As Supreme Court Justice Clarence Thomas argued in his 2010 concurrent opinion in McDonald v. City of Chicago, gun control laws in America have been grounded in controlling one race. While Thomas’ opinion is reasoned in constitutional law, it is no doubt informed by his lived experience as a Black American — the descendent of slaves — growing up in Georgia during the Civil Rights era. Thomas’ opinion cites Frederick Douglass’ argument that “the black man has never had the right either to keep or bear arms,” insisting that “the work of the Abolitionists [wa]s not finished”.

Just 24 minutes up I-95 from Chester in North Philadelphia, Toure highlighted that point as he slapped down thick packets in front of his students with the words “Declaration of Independence,” “Second Amendment,” and “#ThePeople” written on the front.

Toure enthralled the class with his encyclopedic knowledge of gun mechanics and safety measures. He took every question from his students, waxing philosophical on American history. He exhorted them not just to become gun owners, but also to become impassioned Second Amendment advocates themselves.

A teenager challenged Toure on background checks, telling the instructor they seem like a good idea to stop bad people from owning guns.

Toure stopped the class and led the kid through a critical thinking exercise while gently educating on how background checks would violate individual rights. The teen was won over. He told the women, “I want to be sophisticated like him one day.”

While moments like that are gratifying, it’s not the reason Toure founded Black Guns Matter. “We started the group,” he told me, “because we saw the historical context of gun control being racist.”

For Black gun owners like Toure, President Clinton ushered in an era of liberal gun control advocates who are — knowingly or not — upholding, “literally one of the oldest racist practices in America.” The most restrictive gun laws in the country tend to be in cities where a large percentage of Black people live.

Many Black gun owners I spoke with repeated that they are ignored and incensed by politicians running cities like Chester and Philadelphia. They point to lawmakers, including Mayor Jim Kenney, who have aligned themselves with gun control advocates that focus on violence in cities to make their case.

“When the mayor of Philadelphia goes out to speak to people, he has a dedicated security element,” Keimork Buffaoe, 44 years old from Garnet Valley, Pa. told me. “How are you telling me that you’re the only one that’s allowed to be protected legally? That doesn’t sit right with me.”

Diana Miller, 58, shows how seemingly innocuous gun control measures can disproportionately impact Black gun owners — especially women.

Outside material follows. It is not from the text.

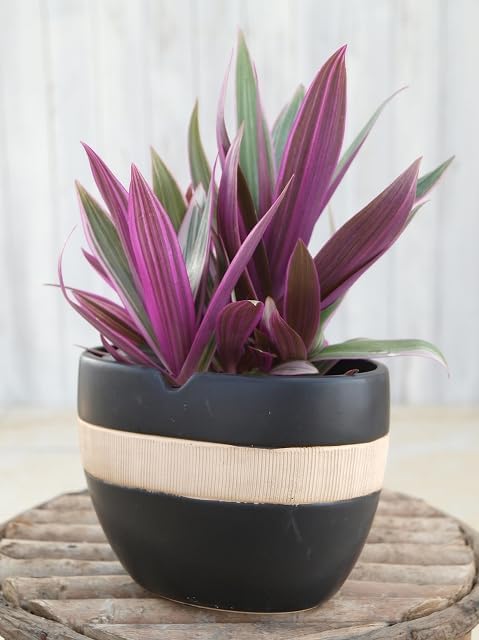 Amazon.co.jp: 観葉植物 ムラサキオモト オーロラ 苗 3.5号 2株 紫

Miller leaves for work from her Wilmington home at 5:25 a.m.  In darkness, she waits for a bus to drop her at the train, which she’ll ride into Philadelphia. From there, she walks about three blocks down empty streets and behind darkened buildings to get to her job.

Miller told me she once took a connecting bridge from inside the train station that let her walk directly into buildings adjacent to her employer. But that safe passage has remained closed since the pandemic, forcing her to take a route that leaves her feeling unsafe and exposed.

“People just run up by you and just say smart things and that makes you feel nervous standing on the corner waiting for the bus. And unsafe. Especially as a woman and you’re just by yourself,” Miller told me. She fears being attacked.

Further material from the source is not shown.